Мы снова вылупились друг на друга. Командир постарался взять себя в руки, и смотрел на нас таким взглядом, что сразу хотелось крикнуть: 'Нет! Это не я! Не надо!'
— Вы! Вот вы, товарищ блондинчик! Не загораживайте следующего товарища, у него награды не видно!
Блондинчик – Толя Рукавишников, — которому теперь придется всю войну ходить с новым прозвищем, с ненавистью посмотрел на мастера фоторепортажа. Из толпы зрителей донеслось одобрительное ржание.
— Так его! Блондина этакого, ишь, гад, командира звена закрывает, свою медаль выпячивает! Виктор, да двинь ты ему!
— А-а-тставить разговорчики! — мрачно буркнул комполка.
Наконец, все вроде бы устаканилось. Стояли мы как надо. Но у командира пропало нужное героическое выражение лица. Пропало – и все тут! Ну, что ты будешь делать. Мы начали коченеть в своих гимнастерках. Что-то надо было делать.
— Товарищ майор, — интимно шепнул я ему голосом вертолетчика Карлсона, извещающего фрекен Бок об убежавшем молоке, — а у вас ширинка расстегнута…
— Где?! — испуганно ахнул майор и дернул рукой с планшетом, прикрывая подол гимнастерки. — А- а-а! Туровцев! Да как ты… да я тебя…
— Вот! Вот оно! — закричал абсолютно счастливый Яша, щелкая своей камерой и ужом увиваясь вокруг нас. — Вот так… еще так… Есть!
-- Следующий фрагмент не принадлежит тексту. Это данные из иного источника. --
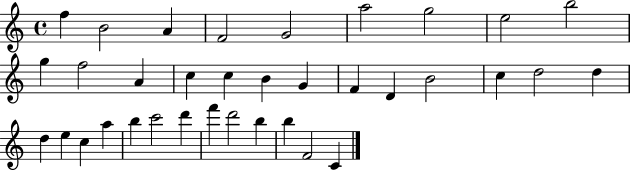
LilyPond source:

{
  \clef treble
  \time 4/4
  \defaultTimeSignature
  \key c \major
  f''4 b'2 a'4 | f'2 g'2 | a''2 g''2 | e''2 b''2 | \break g''4 f''2 a'4 | c''4 c''4 b'4 g'4 | f'4 d'4 b'2 | c''4 d''2 d''4 | \break d''4 e''4 c''4 a''4 | b''4 c'''2 d'''4 | f'''4 d'''2 b''4 | b''4 f'2 c'4 | \break \bar "|."
}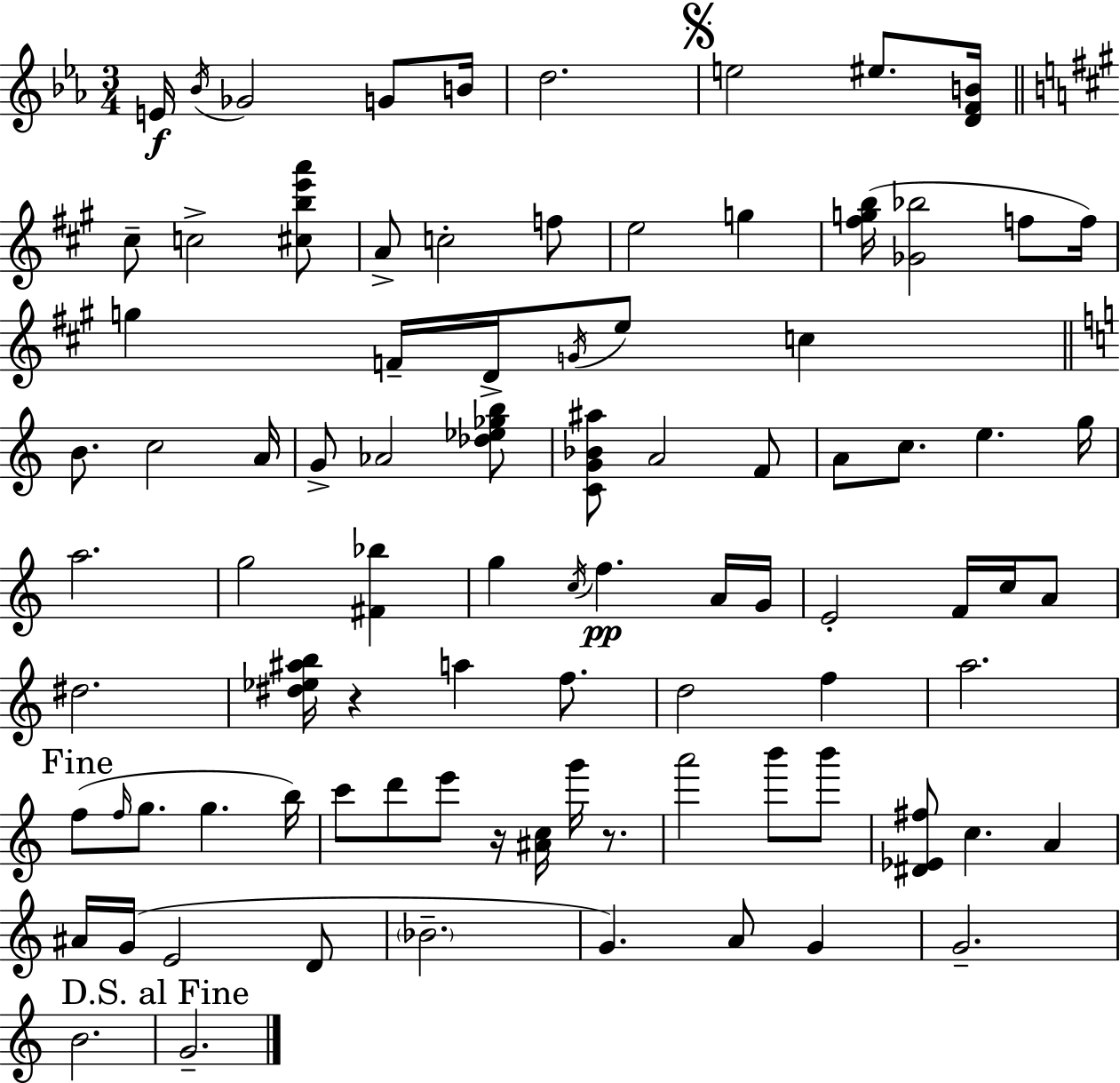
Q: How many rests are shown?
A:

Ф-ф-ух, ну и тяжело с вами работать, товарищи летчики. Объясняешь, объясняешь – пока до вас дойдет…
До командира, наконец-то дошло, и выражение лютой злобы и свирепой ненависти, которым можно было довести Гитлера до инфаркта, медленно сошло у него с лица.
— Ну-у-у, Виктор, ты у меня еще получишь! Но, вообще-то, молодец. Выручил! Иди отсюда! Глаза бы мои на тебя не смотрели бы. Вон, корреспондент с тобой поговорить хотел. Иди, иди…
Народ вокруг перестал ржать, захватил Яшу Хейфеца в плен, и потащил его к самолету, чтобы он заснял героев, стоящих в кабине и пристально вглядывающихся во фронтовое небо. Яша, что мне понравилось, не упирался и охотно щелкал ребят на память.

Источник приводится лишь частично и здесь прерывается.